**DATA FOR THIS EXERCISE**
.....
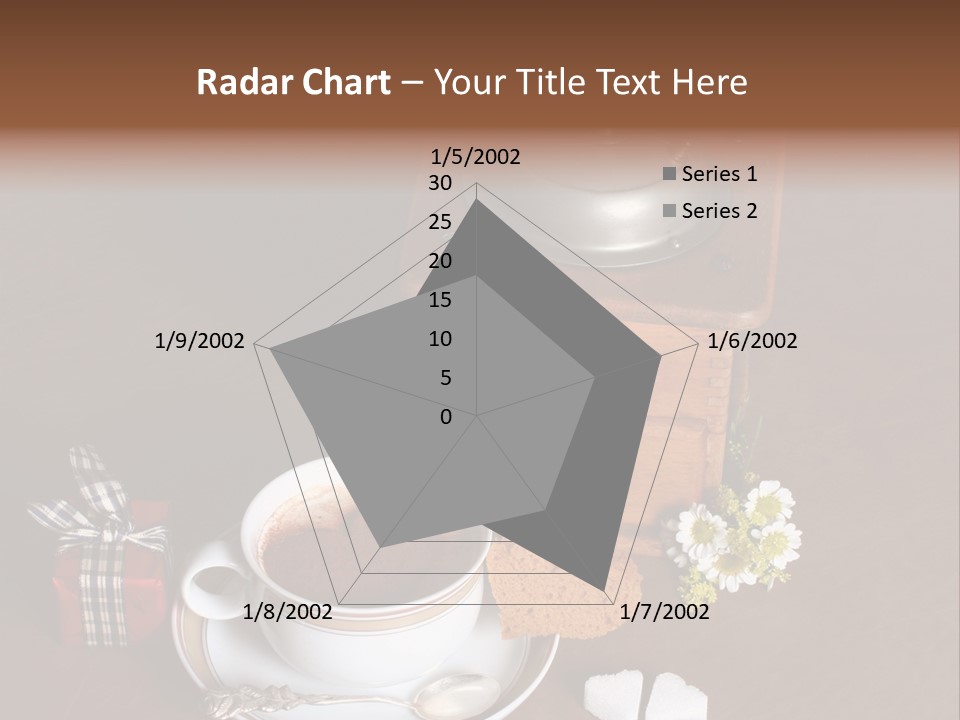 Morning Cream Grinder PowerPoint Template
.....
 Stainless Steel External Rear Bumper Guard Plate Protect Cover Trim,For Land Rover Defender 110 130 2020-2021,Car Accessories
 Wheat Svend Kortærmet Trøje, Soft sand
.....
Copy, exactly and only, the lines above that begin with the one containing "Stainless Steel External" and finish with the one containing "Wheat Svend Kortærmet Trøje, Soft sand".

 Stainless Steel External Rear Bumper Guard Plate Protect Cover Trim,For Land Rover Defender 110 130 2020-2021,Car Accessories
 Wheat Svend Kortærmet Trøje, Soft sand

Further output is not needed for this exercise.